Segment Open

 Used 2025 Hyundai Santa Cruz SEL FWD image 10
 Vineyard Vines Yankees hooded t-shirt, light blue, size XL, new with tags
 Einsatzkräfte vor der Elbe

Segment Closed
Segment Open

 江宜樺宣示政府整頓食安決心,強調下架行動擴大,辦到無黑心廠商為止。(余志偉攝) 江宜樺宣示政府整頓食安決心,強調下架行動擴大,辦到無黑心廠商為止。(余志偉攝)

Segment Closed

◆ TASK DETAILS
All lines in the listing above from the line containing "Used 2025 Hyundai" to the line containing "Einsatzkräfte vor der Elbe", inclusive, should be retyped exactly; no other lines should appear.

◆ SOLUTION TO THE EXERCISE
 Used 2025 Hyundai Santa Cruz SEL FWD image 10
 Vineyard Vines Yankees hooded t-shirt, light blue, size XL, new with tags
 Einsatzkräfte vor der Elbe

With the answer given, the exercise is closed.